A new acquaintance was Mr. Theodore M. Davis, of Newport, Rhode Island, who from November to April, on his finely appointed dahabiyeh, makes the Nile his home, at Luxor. For some years he has superintended valuable excavations in the Tombs of the Kings at Thebes, defraying the expense of the work himself. He holds the only concession granted by the Egyptian Government, on condition that the result of his discoveries become the property of the State; these so-termed "finds" are very valuable, and a special room has been devoted to them in the Museum of Gizeh at Cairo.
Our arrival at the Azores was the first excitement of the voyage, and I had expected to renew the pleasant associations of the day we passed together on San Miguel, at the picturesque city of Ponta Delgada. But, alas! we sailed on and there was only a memory; by the subtle power of association another memory haunted me also, that of Funchal, Madeira, with its balmy air and luxuriant vegetation.
Gibraltar: The world-renowned fortress of Gibraltar was reached after some hours' delay, and we were welcomed by sunshine and a June-like temperature.

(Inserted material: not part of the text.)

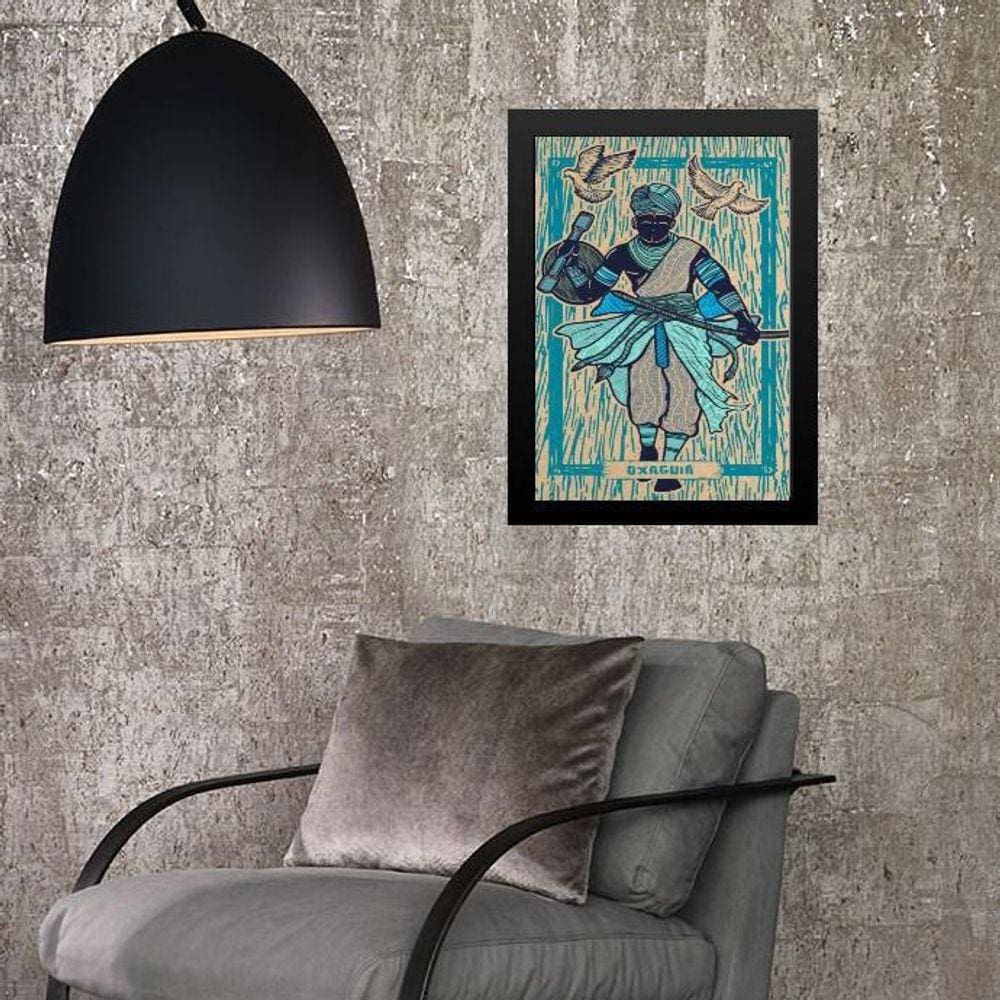 Quadro Decorativo Orixá Oxagiã 24X18Cm - Com Vidro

The attractions there are not numerous, but they are unique; unfortunately, a visit to the fortified galleries is now denied to visitors, but a beautiful drive to Europa Point and to the neutral ground, together with a walk through the park called the Alameda, is a fair compensation. The shops which line the narrow streets possess an Oriental aspect, and the general view of the massive fortifications afforded much interest to those who had not made a previous visit. But the picturesqueness of former visits—the motley crowd of Moors, Arabs, Spaniards, and Turks at the wharf—was lacking; while the venders of fruit, flowers, and laces were far less numerous, but quite as persistent, as of old.
November 12th: The steamer Magnolia, of the P. & O. line, became our home to Port Saïd, named for the Viceroy of Egypt, who granted the concession for the building of the Suez Canal. We were at once charmed with the general arrangement of the vessel, the salons for ordinary use being large and airy; the staterooms were smaller than those of the Atlantic service, but were finely ventilated.
The passage to Marseilles, France, consumed about thirty-six hours, and the time was spent partly in planning a sight-seeing expedition to take place immediately after our arrival. The Gulf of Lyons, however, gave us a stormy reception; and, as the gale (mistral) increased, the harbor was reached. To be near a destination and yet unable to enter the port was most tantalizing!
Marseilles: The approach to Marseilles is rather disappointing, as there are intervening islands of bare rocks; but later the heights appear, the Church of Notre Dame de la Garde being a prominent feature of the view.
Owing to the delay in landing, only two hours' stay on shore was granted, which was a great disappointment to many of us, but less so to me, as I had previously visited the city, and remembered the enjoyment derived from my stay there.